TO DO
Could you set down every entry exactly as it stands, without the images?
——
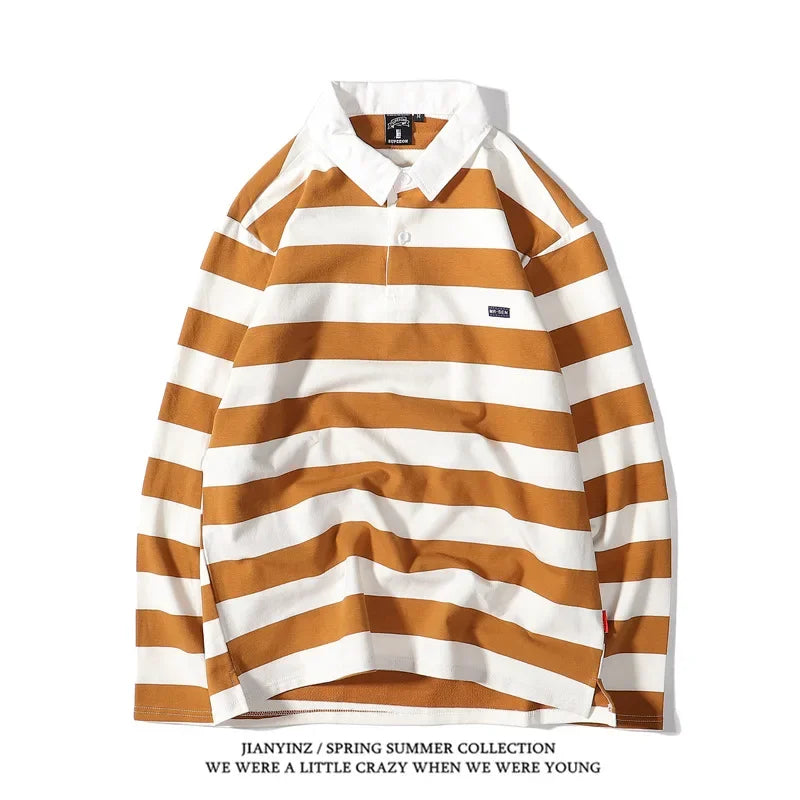 Minimally striped printed mens collar T-shirt autumn business casual long sleeved top comfortable breathable loose collarT-shirt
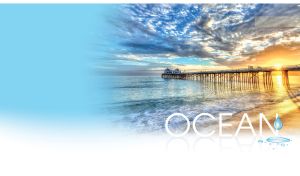 Malibu Pier waterscape over the azure ocean at a bright sunrise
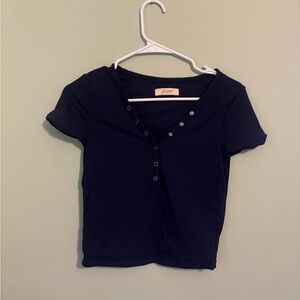 Qinsen Dark Blue Short Sleeve Top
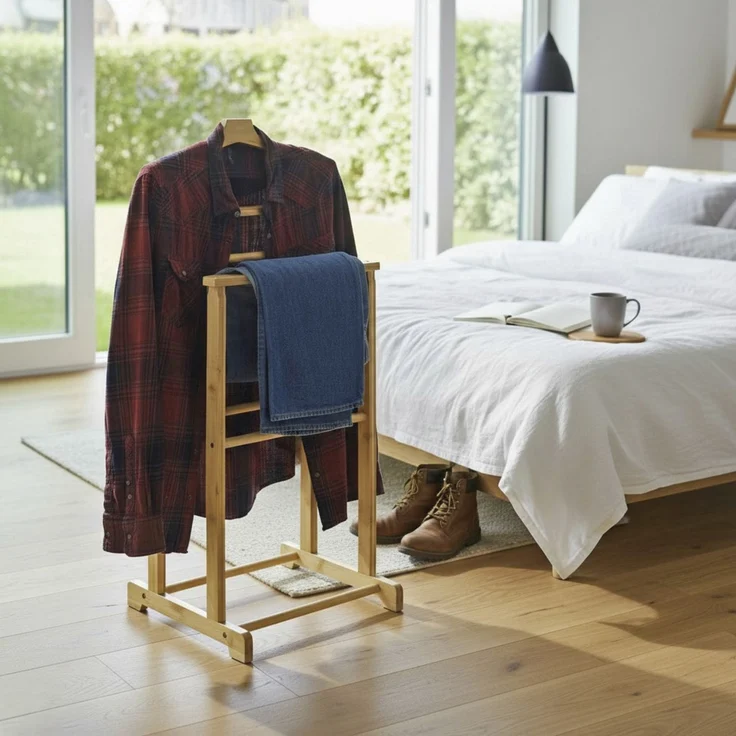 Haku Herrendiener Dressboy Anzugständer aus Bambus natur im Scandinavian-Stil, Gestell lackiert, belastbar bis 15 kg, 48x36x97 cm – Bild 2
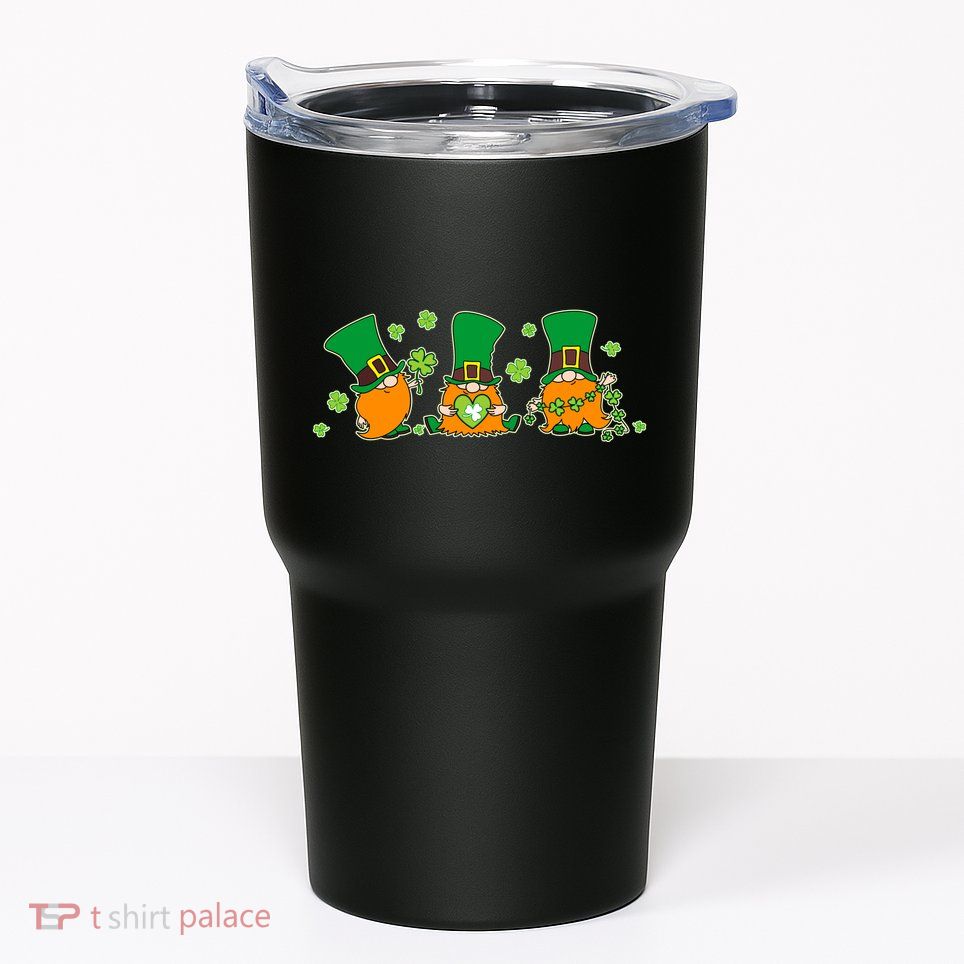 Funny St Patrick's Day Lucky Shamrocks Gnomes Tumbler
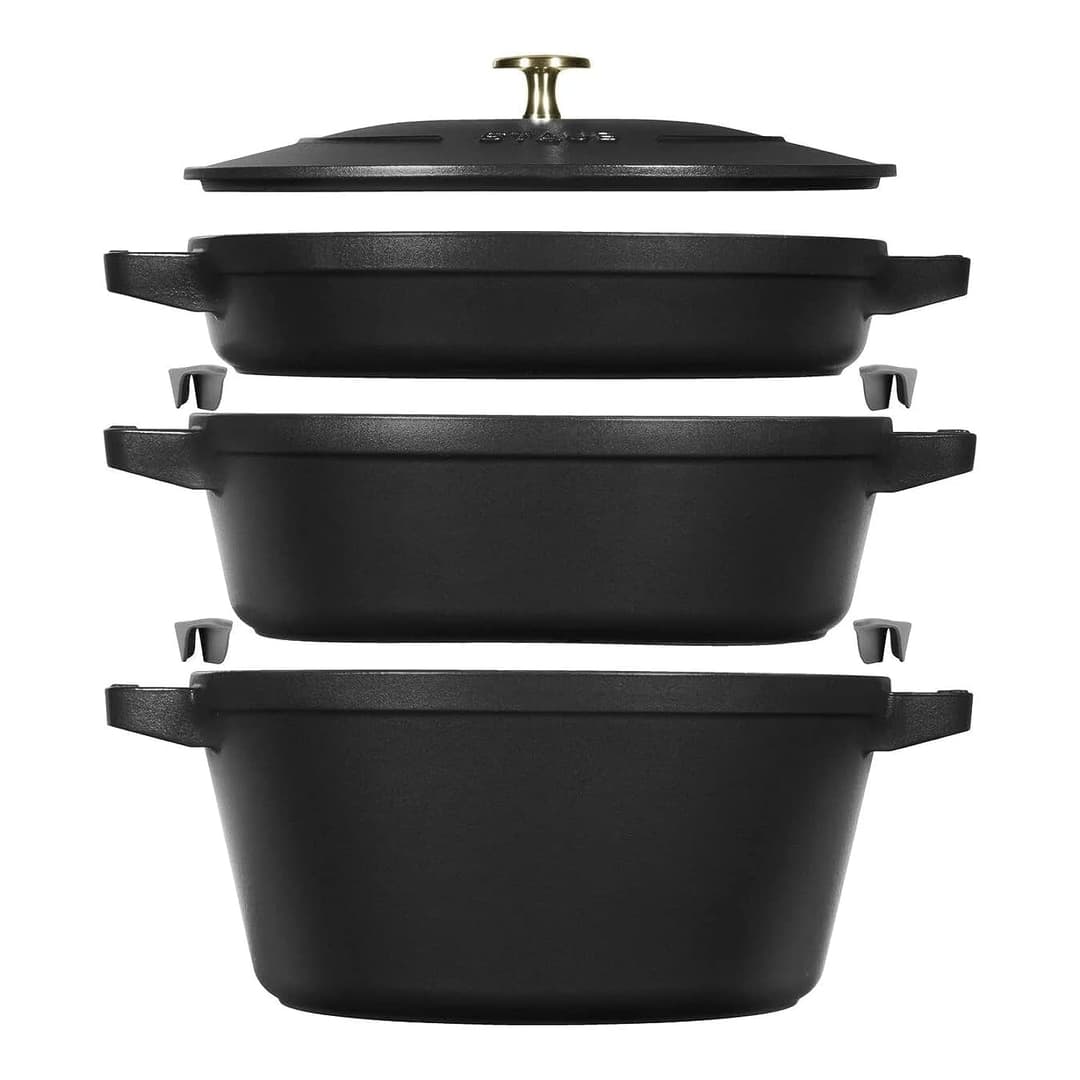 STAUB La Cocotte Ensemble de 3 casseroles rondes en fonte…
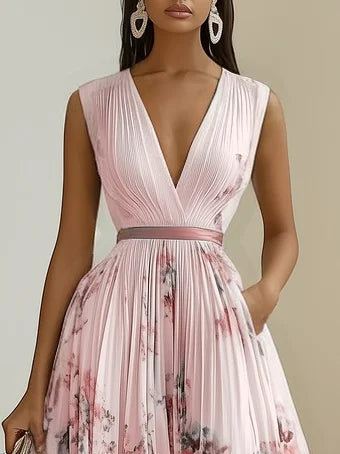 Elegant Wrap Mini Dress for Women with V Neck Sleeveless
——
WORKED SOLUTION
 Minimally striped printed mens collar T-shirt autumn business casual long sleeved top comfortable breathable loose collarT-shirt
 Malibu Pier waterscape over the azure ocean at a bright sunrise
 Qinsen Dark Blue Short Sleeve Top
 Haku Herrendiener Dressboy Anzugständer aus Bambus natur im Scandinavian-Stil, Gestell lackiert, belastbar bis 15 kg, 48x36x97 cm – Bild 2
 Funny St Patrick's Day Lucky Shamrocks Gnomes Tumbler
 STAUB La Cocotte Ensemble de 3 casseroles rondes en fonte…
 Elegant Wrap Mini Dress for Women with V Neck Sleeveless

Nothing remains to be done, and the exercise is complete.